The dedicated sales agencies in the Report Card were Freedom 55, Mississauga-based RBC Life Insurance Co. and Waterloo, Ont.-based Sun Life Financial (Canada) Inc. These firms are run as traditional career agencies, in which the carrier owns and operates the advisor distribution channel. Although there are minor differences between them, these firms operate under a similar model.

In contrast, there are many differences among the independent sales agencies in the Report Card. For example, Winnipeg-based Great-West Life Assurance Co. (GWL) runs its practice under a independent/direct model. In one way, the firm’s business model is similar to that of the dedicated sales agencies, in that advisors deal with the carrier directly; however, GWL advisors still remain independent and are not committed nor obligated to sell only GWL products.

The seven remaining independent sales agencies operate as MGAs – although two of these MGAs have unique business models.

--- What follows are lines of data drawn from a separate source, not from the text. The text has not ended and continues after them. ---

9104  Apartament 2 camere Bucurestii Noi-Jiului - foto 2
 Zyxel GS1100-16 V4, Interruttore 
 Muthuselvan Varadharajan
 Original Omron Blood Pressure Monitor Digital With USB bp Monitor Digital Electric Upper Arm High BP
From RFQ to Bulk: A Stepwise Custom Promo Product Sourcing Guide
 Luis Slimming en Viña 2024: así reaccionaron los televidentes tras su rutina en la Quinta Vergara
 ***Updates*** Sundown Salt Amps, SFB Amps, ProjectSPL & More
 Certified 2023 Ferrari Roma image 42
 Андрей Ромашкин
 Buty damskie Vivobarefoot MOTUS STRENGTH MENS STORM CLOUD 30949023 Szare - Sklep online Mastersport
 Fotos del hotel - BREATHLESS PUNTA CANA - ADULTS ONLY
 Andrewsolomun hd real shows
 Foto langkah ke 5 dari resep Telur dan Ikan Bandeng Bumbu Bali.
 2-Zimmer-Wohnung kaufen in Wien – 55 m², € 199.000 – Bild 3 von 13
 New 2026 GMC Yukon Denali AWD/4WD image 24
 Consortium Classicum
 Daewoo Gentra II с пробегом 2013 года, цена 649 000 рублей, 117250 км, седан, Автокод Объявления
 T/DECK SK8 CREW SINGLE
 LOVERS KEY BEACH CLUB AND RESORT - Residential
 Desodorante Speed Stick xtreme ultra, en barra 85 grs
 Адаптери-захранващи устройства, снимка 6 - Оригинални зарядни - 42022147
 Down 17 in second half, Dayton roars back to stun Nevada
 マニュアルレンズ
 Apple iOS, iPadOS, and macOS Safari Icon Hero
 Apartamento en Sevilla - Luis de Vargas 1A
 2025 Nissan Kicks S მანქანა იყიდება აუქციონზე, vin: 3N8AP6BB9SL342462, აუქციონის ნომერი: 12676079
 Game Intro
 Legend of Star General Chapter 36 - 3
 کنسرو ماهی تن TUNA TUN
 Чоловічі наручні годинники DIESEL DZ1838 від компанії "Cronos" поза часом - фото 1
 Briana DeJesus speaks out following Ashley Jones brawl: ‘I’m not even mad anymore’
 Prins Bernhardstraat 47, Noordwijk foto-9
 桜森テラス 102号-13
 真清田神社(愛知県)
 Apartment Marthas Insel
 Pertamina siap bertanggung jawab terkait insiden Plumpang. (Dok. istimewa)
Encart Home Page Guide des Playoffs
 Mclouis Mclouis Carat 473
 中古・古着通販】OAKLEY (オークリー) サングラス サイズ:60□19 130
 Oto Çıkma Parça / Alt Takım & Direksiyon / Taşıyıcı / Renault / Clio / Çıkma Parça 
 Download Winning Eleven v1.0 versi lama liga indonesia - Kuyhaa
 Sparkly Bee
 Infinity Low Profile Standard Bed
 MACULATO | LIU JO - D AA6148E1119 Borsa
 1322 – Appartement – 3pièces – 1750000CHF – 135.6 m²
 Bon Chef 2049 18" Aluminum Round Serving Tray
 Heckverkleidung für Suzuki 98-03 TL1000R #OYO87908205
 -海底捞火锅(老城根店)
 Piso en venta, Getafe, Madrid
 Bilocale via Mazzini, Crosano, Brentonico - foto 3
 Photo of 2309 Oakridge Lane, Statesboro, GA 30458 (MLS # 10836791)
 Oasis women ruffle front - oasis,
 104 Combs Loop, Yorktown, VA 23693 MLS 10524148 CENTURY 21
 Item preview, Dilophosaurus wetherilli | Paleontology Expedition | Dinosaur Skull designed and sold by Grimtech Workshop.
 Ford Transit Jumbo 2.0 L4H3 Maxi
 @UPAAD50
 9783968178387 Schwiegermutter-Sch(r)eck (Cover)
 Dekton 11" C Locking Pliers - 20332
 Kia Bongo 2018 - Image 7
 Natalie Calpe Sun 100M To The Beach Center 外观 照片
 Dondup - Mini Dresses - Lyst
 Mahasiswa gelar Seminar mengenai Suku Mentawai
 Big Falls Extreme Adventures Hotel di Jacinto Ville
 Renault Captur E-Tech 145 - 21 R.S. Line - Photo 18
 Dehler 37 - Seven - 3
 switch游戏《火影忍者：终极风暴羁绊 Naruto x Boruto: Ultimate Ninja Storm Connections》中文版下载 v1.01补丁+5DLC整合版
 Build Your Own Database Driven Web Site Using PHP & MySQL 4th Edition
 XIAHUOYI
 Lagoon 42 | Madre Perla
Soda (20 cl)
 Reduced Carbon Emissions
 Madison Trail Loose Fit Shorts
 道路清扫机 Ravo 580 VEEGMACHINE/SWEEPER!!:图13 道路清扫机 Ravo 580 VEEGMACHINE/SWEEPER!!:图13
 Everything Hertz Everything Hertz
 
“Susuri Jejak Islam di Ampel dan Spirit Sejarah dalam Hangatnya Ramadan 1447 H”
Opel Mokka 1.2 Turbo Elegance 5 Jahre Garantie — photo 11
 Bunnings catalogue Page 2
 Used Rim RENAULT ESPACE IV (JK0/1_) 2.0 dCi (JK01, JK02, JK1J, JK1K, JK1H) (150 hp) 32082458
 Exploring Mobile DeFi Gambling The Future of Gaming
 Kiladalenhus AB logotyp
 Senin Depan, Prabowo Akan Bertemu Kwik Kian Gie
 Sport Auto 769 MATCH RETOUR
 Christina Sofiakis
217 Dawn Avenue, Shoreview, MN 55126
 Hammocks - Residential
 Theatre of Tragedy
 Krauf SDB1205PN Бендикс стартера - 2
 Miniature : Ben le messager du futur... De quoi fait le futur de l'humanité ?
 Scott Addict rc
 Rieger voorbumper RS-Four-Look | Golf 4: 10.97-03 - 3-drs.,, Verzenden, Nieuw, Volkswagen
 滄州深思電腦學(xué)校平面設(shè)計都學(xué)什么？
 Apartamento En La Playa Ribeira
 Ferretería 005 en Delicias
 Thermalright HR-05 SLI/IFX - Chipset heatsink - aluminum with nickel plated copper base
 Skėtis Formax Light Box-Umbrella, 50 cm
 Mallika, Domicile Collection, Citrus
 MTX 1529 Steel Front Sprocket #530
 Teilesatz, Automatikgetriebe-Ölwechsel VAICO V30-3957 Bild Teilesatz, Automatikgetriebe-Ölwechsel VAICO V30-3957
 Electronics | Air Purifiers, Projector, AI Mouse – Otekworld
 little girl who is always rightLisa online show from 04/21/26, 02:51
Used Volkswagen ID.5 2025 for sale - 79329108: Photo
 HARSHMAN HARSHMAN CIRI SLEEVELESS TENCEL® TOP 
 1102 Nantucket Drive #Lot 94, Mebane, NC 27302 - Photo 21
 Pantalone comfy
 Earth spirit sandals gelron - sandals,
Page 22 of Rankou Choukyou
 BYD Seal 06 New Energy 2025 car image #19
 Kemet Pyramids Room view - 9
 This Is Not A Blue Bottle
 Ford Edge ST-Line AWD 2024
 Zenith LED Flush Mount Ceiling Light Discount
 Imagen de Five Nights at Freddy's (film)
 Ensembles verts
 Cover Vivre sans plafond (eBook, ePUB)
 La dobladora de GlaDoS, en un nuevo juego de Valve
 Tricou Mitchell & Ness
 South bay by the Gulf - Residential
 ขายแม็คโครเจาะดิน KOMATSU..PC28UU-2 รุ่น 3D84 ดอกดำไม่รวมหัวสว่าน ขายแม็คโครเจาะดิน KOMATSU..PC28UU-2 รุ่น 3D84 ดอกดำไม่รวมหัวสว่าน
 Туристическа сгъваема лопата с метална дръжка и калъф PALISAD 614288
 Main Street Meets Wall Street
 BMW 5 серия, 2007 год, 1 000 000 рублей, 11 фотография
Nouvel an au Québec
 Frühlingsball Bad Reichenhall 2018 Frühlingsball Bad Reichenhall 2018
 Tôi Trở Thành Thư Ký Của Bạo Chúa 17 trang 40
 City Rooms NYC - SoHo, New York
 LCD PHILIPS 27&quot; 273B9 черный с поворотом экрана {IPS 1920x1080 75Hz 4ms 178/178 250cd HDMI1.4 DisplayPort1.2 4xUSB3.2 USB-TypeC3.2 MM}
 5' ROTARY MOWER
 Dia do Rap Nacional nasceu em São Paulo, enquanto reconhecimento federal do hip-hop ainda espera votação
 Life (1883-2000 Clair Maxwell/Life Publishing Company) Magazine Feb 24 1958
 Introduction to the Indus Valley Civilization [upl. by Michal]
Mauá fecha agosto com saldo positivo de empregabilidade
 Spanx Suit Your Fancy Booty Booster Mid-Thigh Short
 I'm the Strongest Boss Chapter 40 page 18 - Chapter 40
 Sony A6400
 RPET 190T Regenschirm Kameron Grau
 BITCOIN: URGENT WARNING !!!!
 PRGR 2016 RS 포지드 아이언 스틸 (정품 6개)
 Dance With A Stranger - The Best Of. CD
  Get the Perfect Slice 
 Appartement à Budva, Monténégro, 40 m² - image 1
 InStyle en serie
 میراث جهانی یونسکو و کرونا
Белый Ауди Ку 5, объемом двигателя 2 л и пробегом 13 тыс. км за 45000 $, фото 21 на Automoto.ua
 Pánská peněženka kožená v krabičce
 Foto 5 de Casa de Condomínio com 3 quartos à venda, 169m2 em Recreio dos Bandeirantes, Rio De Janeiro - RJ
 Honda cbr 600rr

For example, PPI Advisory is known for its dedication to high net-worth clients and the services surrounding this specialized niche.

Advisors who run their businesses through PPI Advisory praise that MGA year after year for its focus on support services, including access to tax lawyers, accountants, underwriters and other experts who cater to their high net-worth clients’ unique needs.

Much along the same lines, WFG is known for its focus on the middle-income market, as well as for the plethora of services it provides its advisors while still offering the freedom of an MGA.

In an effort to capture a better perspective of the growth in the MGA channel, IE added one of the largest MGAs in the country to this year’s Report Card: Kitchener, Ont.-based Financial Horizons Inc.

In addition, with the independent agencies facing greater regulatory oversight – and the MGAs striving to meet those strict regulations – IE added a new question to this year’s survey: “MGA’s support in relation to the compliance regime.”